No decorrer de seu tratado, Longino ainda discorre sobre três conceitos, a saber, amplificação, imitação e aparição:
·         Amplificação (aúxesis):
Os retóricos definem vagamente a aúxesis como “algo que acrescenta grandeza”. A diferença entre o Sublime e a amplificação é que o Sublime reside na elevação (qualitativo), e a amplificação reside no número (quantitativo).
·         Imitação (mímesis):
Longino aceita (e até reivindica) a ideia da inspiração, porém, não a atribui aos deuses ou musas, mas coloca no âmbito da imitação. Esta, para Longino, não é o sentimento comum da “reprodução de um objeto ou de um efeito”, mas a faculdade de eleição e admiração. Assim, a imitação não é uma origem, mas um meio.
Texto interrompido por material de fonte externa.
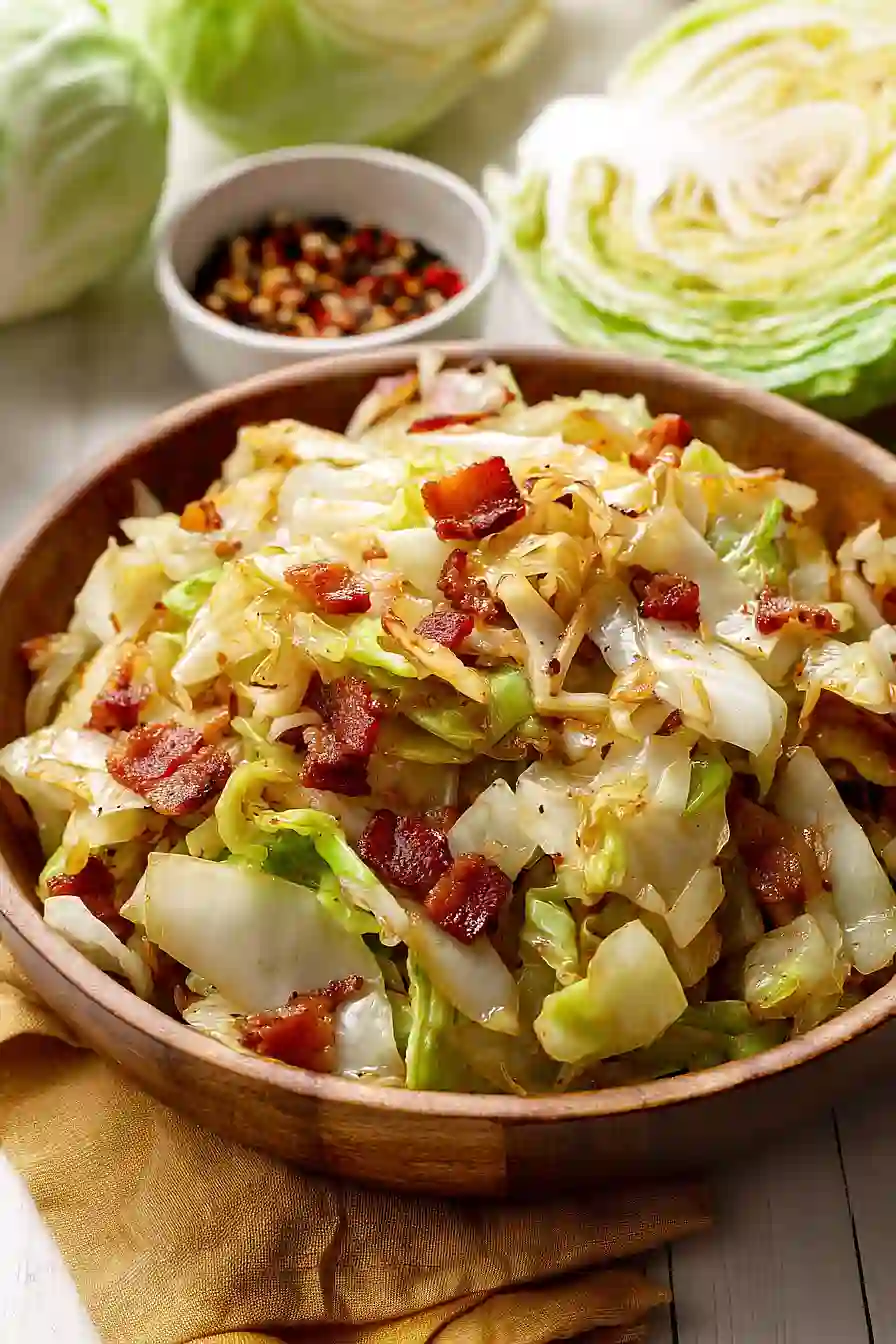 fried cabbage with bacon and onion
·         Aparição (phantasía):
Toda percepção é aparição, e todo pensamento é visão; pensar é ver. Só se pode fazer ver se já se viu. A imaginação, para Longino, é a “capacidade de receber do exterior ou de si mesmo visões, e de estar no ponto de impô-las, na sua ingenuidade e na sua violência ao olhar de alguém”. Assim, a aparição do Sublime não está na figura estanque e inerte, mas no exercício de “fazer ver” o que não se vê, pela linguagem, pela metáfora.
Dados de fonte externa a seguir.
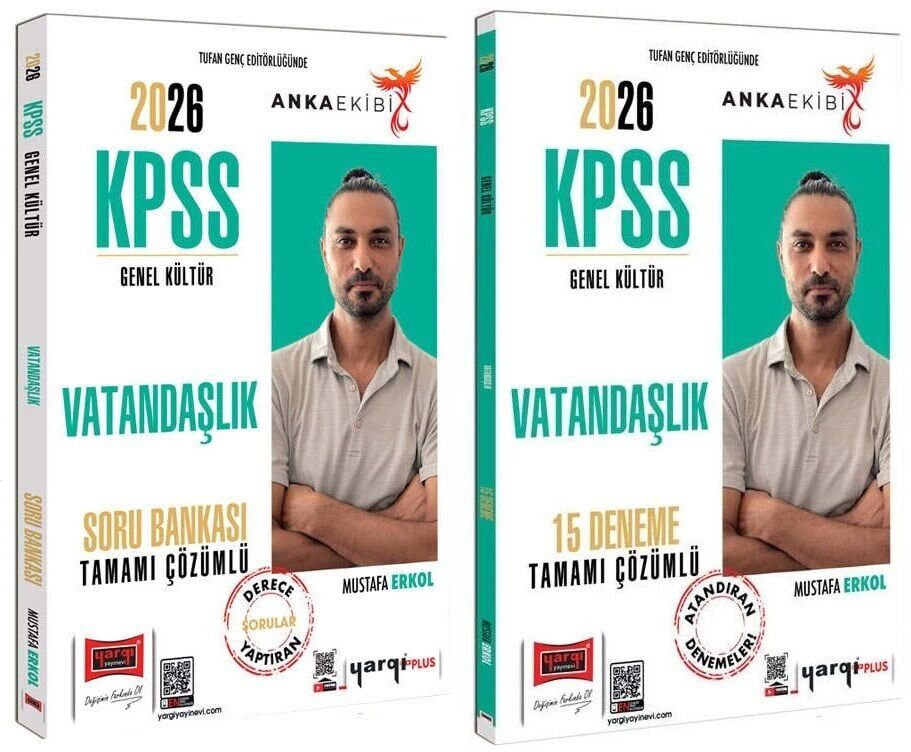 Yargı 2026 KPSS Vatandaşlık Soru Bankası + 15 Deneme 2 li Set Anka Ekibi - Mustafa Erkol Yargı Yayınları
Do capítulo XVI em diante, Longino compara a poesia com outras artes, com a finalidade de mostrar a superioridade da poesia e da prosa sobre as outras artes (pintura, música e estatuária).
Podemos concluir, finalizando, que o Sublime de Longino é “violência que desequilibra, um choque”. O choque surpreende o julgamento e faz-nos sair de nós mesmos, mergulha-nos no êxtase. O Sublime leva sempre a ultrapassar a medida, porém, quando a desmedida é bem sucedida, deve impor sua norma. O Sublime, então, é o encontro entre a natureza e o trabalho, a violência e a figura na ocasião.
“O Sublime de Longino é uma estética sem ilusão, mas que conserva a fé e que persiste em dá-la” (Filomena Hirata).

REFERÊNCIA BIBLIOGRÁFICA:
LONGINO. Do Sublime. Tradução de Filomena Hirata; Editora Martins Fontes, 1ª edição. São Paulo: 1996.